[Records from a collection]
::::::::

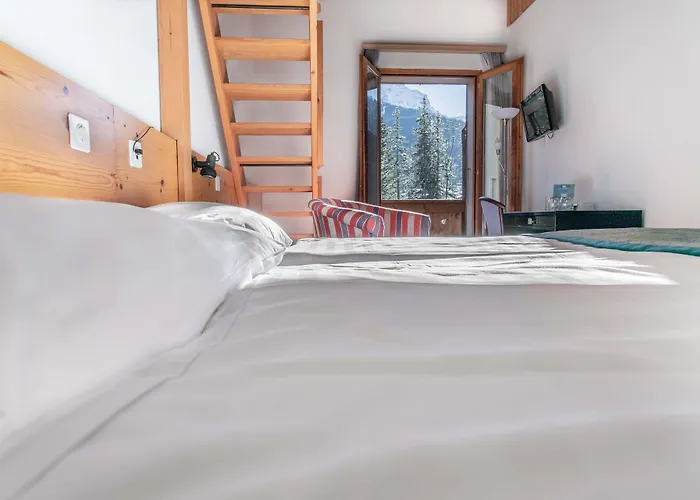 Hotel Les Sources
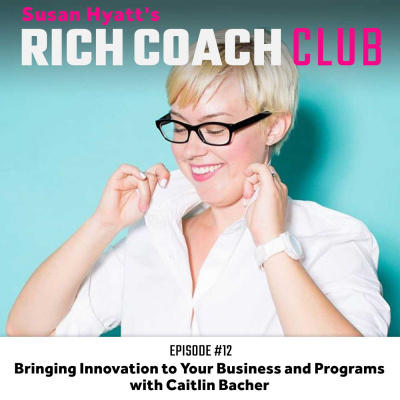 Susan Hyatts Rich Coach Club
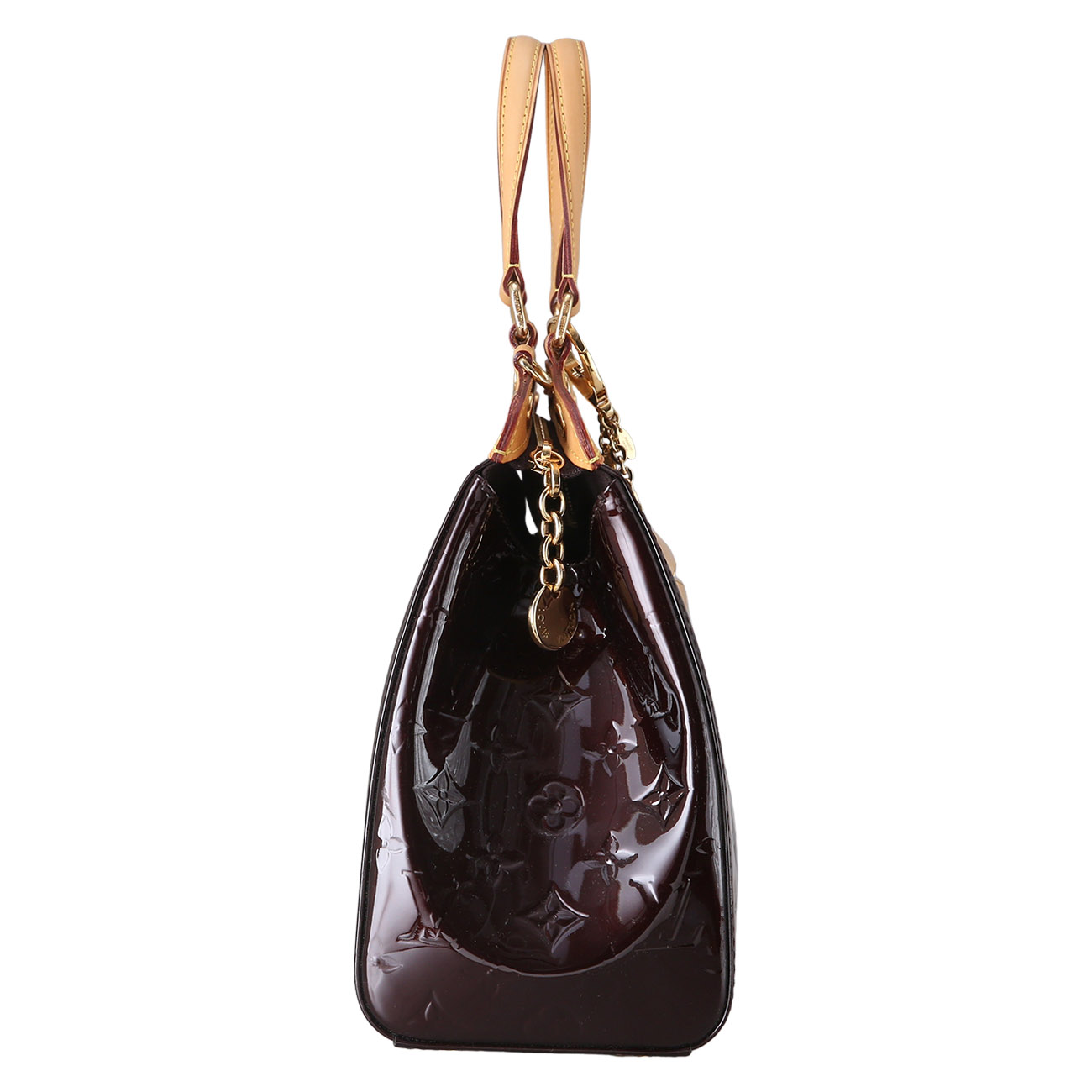 LOUIS VUITTON(USED)루이비통 베르니 브레아 MM + 백참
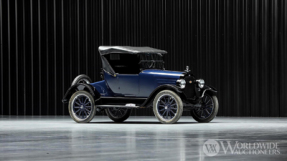 1925 Willys-Overland Model 91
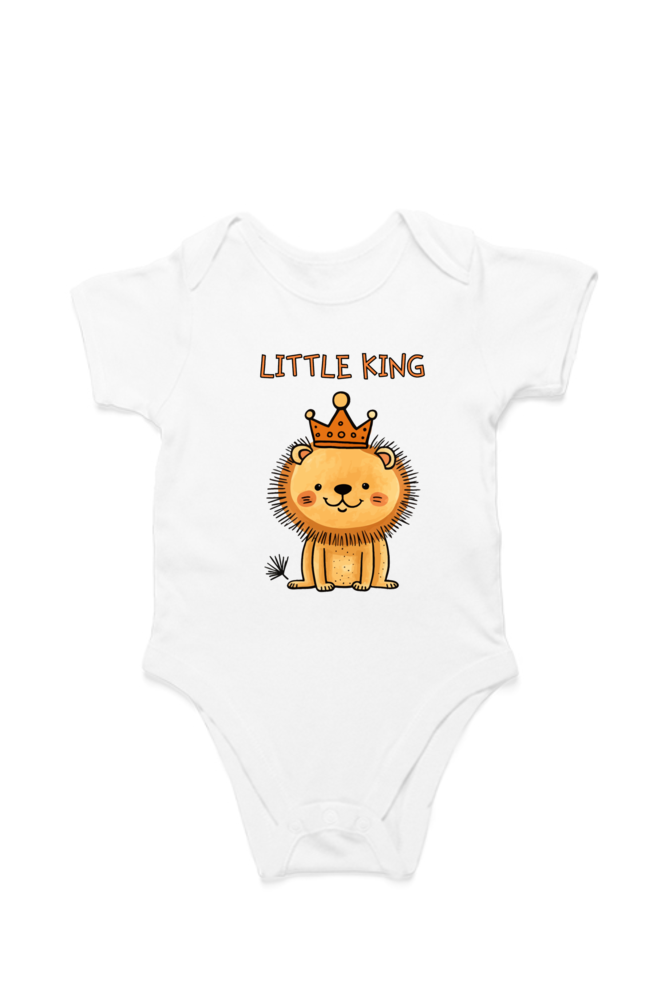 Little King , Kids Rompers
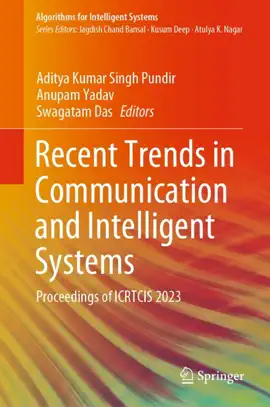 Read: Recent Trends Book in Communication and Intelligent Systems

::::::::

**YOUR ASSIGNMENT**
Each line above must be set down exactly, though no picture should be carried over.

**WRITTEN REPLY**
 Hotel Les Sources
 Susan Hyatts Rich Coach Club
 LOUIS VUITTON(USED)루이비통 베르니 브레아 MM + 백참
 1925 Willys-Overland Model 91
 Little King , Kids Rompers
 Read: Recent Trends Book in Communication and Intelligent Systems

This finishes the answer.